玲央が優しいから、言ってくれただけなんじゃないのかな…。
「…あと、他人と寝るの好きじゃねえから、他のセフレはほとんど泊まらないで帰ってる。けど、お前を帰す気にならないし」
「――――……」
――――……他人と寝るの、好きじゃないの? …知らなかった。
ていうか、皆、泊ってるんじゃないの?
結構衝撃のセリフなんだけど…
どうしよう…オレ、今日で、もう、3日目、なんだけど。
オレが寝ちゃったから、仕方なく泊めてくれてたり…?
あれ、でも帰す気にならないって…居ても良かったのかな?
なんだか、色んなことが頭の中でぐるぐる回る。
「3日も続けてこんな風に会うのも、すげえ珍しいし。しかも、待ってたり、迎えに行ったり。…そんなのも、あんま、した記憶、ねえし」
「…………っ…」
――――……なんか。玲央。
言ってること――――……変だよね…?
「…ちょ…、と… 待って?」
顔が、知らない間に、熱を持ってる。手の甲で唇を押さえて、少し、耐える。
「…な、んか……… オレのこと…大好き、みたいに…聞こえるんだけど…」
なんか、オレだけ特別って、言ってるように、聞こえてしまって、そう言ってしまったけれど。

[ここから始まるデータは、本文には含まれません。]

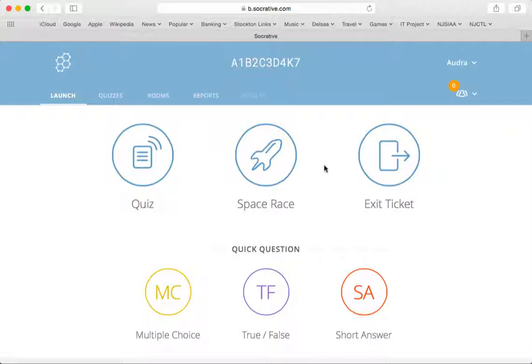This video explains how to rename your room after logging into Socrative for the first time. Once you create an account with Socrative, it gives you a random room title at the top of the page, and you can actually change that to a custom name.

言葉に出してしまったら、ものすごい自惚れな気がして。余計熱くなってしまう。
あー、もう。オレ何言っちゃってんだろ。
なんか。もう――――… 全然分かんなくなってきた。
オレ、いっぱいいっぱい過ぎ…。
「――――…だから…」
椅子から立ち上がった玲央が、そばに立って。
ぐい、と顔を上げさせる。
「――――………オレ、お前のこと、好きって、言ったよな?」
「――――……」
じ、と見つめられると。
ずきん、と胸の奥が、痛すぎる。
好きって、言ってるから――――…
………だから、全部…特別にしてくれてるって、こと?
これ、勘違い…とかじゃない、のかな。
玲央、なにか、違う意味で、言ってる……??
「――――…話、なかなか、かみあわねえからまた続き、明日で」
「…?」
続き、明日?
「ベッドいこ」
言われて、手を引かれて。
内心、心臓が飛び出そうになりながら、玲央についていく。
後ろ姿、だけでも、ほんとカッコいいなあ…なんて思ってしまう。
掴んできてる手、熱く感じて。嫌でもドキドキする。
ベッドに座らされて、玲央が部屋の小さな電気をつけるのを見つめて。
戻ってきた玲央に、ベッドに倒された。完全に上に押し乗られて。
真上の玲央が、じっと見つめてくる。
「―――……どんだけ好きか、教えてやるから」
「――――……っ…」
言われて一言で、心臓が、どくん、と鳴って。
そのまま、鼓動がうるさすぎて、顔が熱くて、自然と涙が滲んできた。
――――…なに、どんだけ好きか、教えてやるって…
そんなに――――…オレのこと…好き、でいてくれてるのかなと…思ってしまうけど。
……それとも――――……
こういうこと、する時は… 誰にでも、言うのかな…。
…もしかしたら、そうなのかも、とも思う。
玲央みたいな人が、オレだけが好き、みたいな――――…
そんな妄想を、自分の中で確立してしまうのは、ちょっと、怖い。
でも。
それは、怖いけど。
「…れお…」
重なってきたキスの間で、思わず、名を呼んだ。
くす、と笑った玲央が、「…ん?」と優しく聞き返してくれる。
玲央の気持は――――… よく分かんないけど。
でも、オレは。
「――――…………だいすき」
オレの気持は、もう、分かってる。
そう言ったら、少し顔を離されて、真正面から見つめられて。
ふ、と微笑まれた。
「……それいっぱい言ってて。―――…すげえ、可愛がってやるから」
組み敷かれて、見上げる玲央は――――…
熱っぽくて。声も、囁くようなそれは、色っぽくて。
まだ触れるキスしかしてなのいに。
ぞくぞく、して。
体の奥から、一気に熱くなる。
「――――……言わなくても、可愛がるけど…」
クスクス笑いながら、何度か、重なるだけのキス。
バスローブの上から、ただ触れられてるだけなのに、どんどん、呼吸が、早く、なって。
「――――…心臓の音、すげえな…」
優しく笑んで、玲央がじっと見つめてくる。見つめあったまま、軽い、キス。 触れ合わせるだけの――――…
そのまま、頬にキスして、頬や、首筋に軽く、キス。
「………――――…ふ…」
くすぐったくて、首を竦めたら、手首をとられて、軽く抑えられて。
ゆっくりと、唇が重なる。重なって。離れて、また、角度変えて、触れてくる。
…何で… そんな、キス、ばっかり…するんだろ…?
…息が、できない位の、キス――――… してほしいって…。
――――… 思って、しまう。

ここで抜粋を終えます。